Wenn Zehntausende in ganz Europa auf die Straße gehen und gegen Institutionen, die als „Troika“ bekannt wurden, demonstrieren, dann macht das deutlich, dass etwas in Europa fundamental schief läuft. Der Zuwachs zu populistischen Parteien, von Frankreich über die Niederlande, von Deutschland bis nach Ungarn, sind Beweis für bereits entstandenen Schaden. Angst und Entfremdung treiben Menschen in die Hände von Front National, Pegida und ähnlichen Bewegungen. Aber anstatt ihre Verantwortung für politische Willensbildung und das europäische Projekt wahrzunehmen, laufen viele Politiker Stimmen am rechten Rand nach.

Wer wir sind

Wir sind deine FreundInnen, NachbarInnen, Geschwister, die PassantInnen auf der Straße. Wir sind Tausende, die hoffen Millionen von Europäern zu werden, die überzeugt sind, dass Erfolg Mut verlangt. Einige unter uns haben in anderen Ländern gelebt, sprechen verschiedene Sprachen, wir haben uns in Menschen aus anderen Ländern verliebt und viele wissen kaum noch, wie sich inneuropäische Grenzkontrollen anfühlen. Europa ist unser Zuhause. Vielleicht haben wir es bisher als Selbstverständlichkeit betrachtet. Doch das ist vorbei. Für uns ist es klar, dass es an der Zeit ist, Souveränität und Demokratie jenseits des Nationalstaats zu denken. In dieser globalisierten Welt sind wir Teil etwas Größerem als unserer eigenen, miteinander verbundenen Staaten. Eine Rückkehr zu Nationalismus widerspricht dieser Tatsache. Ohne unsere regionalen oder nationalen Identitäten aufgeben zu müssen, sind wir Teil eines Europas.

Was wir wollen

Unser Plan für die Zukunft Europas ist republikanisch. Um politische Gleichberechtigung, soziale Gerechtigkeit und die Achtung von Menschenrechten zu erreichen, sind wesentliche Veränderungen hin zu einem demokratischen System, das diesen Namen verdient, notwendig. Unter anderem fordern wir:

  • Eine einheitliche europäische Regierung, die dem Prinzip der Gewaltenteilung unterworfen und durch transnationale Wahlen gewählt ist.
  • Ein transnationales Sozialhilfesystem, das eine gemeinsame Arbeitslosenversicherung einschließt. Dies sollte unabhänig davon sein, ob wir heute in Frankreich oder Polen arbeiten und morgen in Spanien und unser Ehepartner einer anderen Nationalität hat.

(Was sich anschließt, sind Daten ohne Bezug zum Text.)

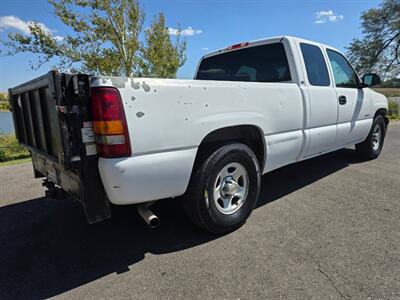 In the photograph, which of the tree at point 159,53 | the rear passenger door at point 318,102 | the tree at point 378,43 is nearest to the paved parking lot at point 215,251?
the rear passenger door at point 318,102

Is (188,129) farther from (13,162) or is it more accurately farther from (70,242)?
(13,162)

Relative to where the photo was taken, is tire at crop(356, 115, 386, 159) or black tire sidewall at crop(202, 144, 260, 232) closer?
black tire sidewall at crop(202, 144, 260, 232)

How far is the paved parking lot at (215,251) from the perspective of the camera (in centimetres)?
221

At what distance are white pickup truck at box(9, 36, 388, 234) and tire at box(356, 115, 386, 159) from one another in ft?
5.92

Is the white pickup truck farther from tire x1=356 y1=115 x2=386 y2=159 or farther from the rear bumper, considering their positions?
tire x1=356 y1=115 x2=386 y2=159

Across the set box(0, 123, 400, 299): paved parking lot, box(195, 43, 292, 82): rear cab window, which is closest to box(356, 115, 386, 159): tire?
box(0, 123, 400, 299): paved parking lot

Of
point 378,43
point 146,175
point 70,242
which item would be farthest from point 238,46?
point 378,43

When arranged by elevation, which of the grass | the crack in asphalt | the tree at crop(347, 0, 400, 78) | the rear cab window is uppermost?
the tree at crop(347, 0, 400, 78)

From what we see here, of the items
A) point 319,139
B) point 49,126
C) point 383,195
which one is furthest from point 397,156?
point 49,126

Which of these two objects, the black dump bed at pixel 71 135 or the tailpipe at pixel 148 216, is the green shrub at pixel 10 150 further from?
the tailpipe at pixel 148 216

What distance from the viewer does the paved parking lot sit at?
2205 millimetres

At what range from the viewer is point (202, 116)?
8.32 ft

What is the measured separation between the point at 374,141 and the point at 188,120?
5.11m

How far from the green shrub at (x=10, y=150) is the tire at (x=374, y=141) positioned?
26.6ft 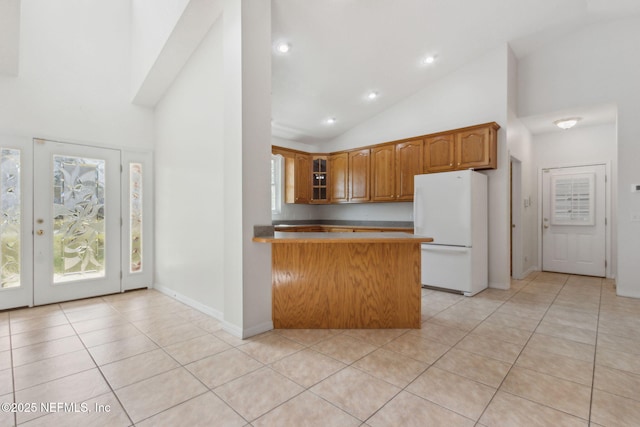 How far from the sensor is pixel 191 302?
11.3 feet

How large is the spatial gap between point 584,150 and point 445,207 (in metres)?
3.32

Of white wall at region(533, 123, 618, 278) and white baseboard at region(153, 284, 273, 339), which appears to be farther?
white wall at region(533, 123, 618, 278)

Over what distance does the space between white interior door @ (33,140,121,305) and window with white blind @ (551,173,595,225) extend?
722cm

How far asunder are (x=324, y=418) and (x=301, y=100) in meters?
4.35

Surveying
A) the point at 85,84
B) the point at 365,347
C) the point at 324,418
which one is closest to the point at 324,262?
the point at 365,347

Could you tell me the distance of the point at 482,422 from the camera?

Es ist an der Zeit, mutig zu sein und neue Wege für ein anderes Europa einzuschlagen.

Jonathan Buhl, Daphne Büllesbach, Victoria Kupsch,
Nora Rahtje, Benjamin Zeeb


Gerne verbreiten wir diesen Aufruf weiter, der auf der eigens dafür eingerichteten Webseite in mehreren Sprachen zur Verfügung steht und dort als Petition unterzeichnet werden kann. Er ist bereits von prominenten Personen wie Thomas Piketty, Robert Menasse, Ernst Ulrich von Weizsäcker, Gesine Schwan und Linn Selle, Trägerin des Preises “Frau Europas” (2014), unterzeichnet worden.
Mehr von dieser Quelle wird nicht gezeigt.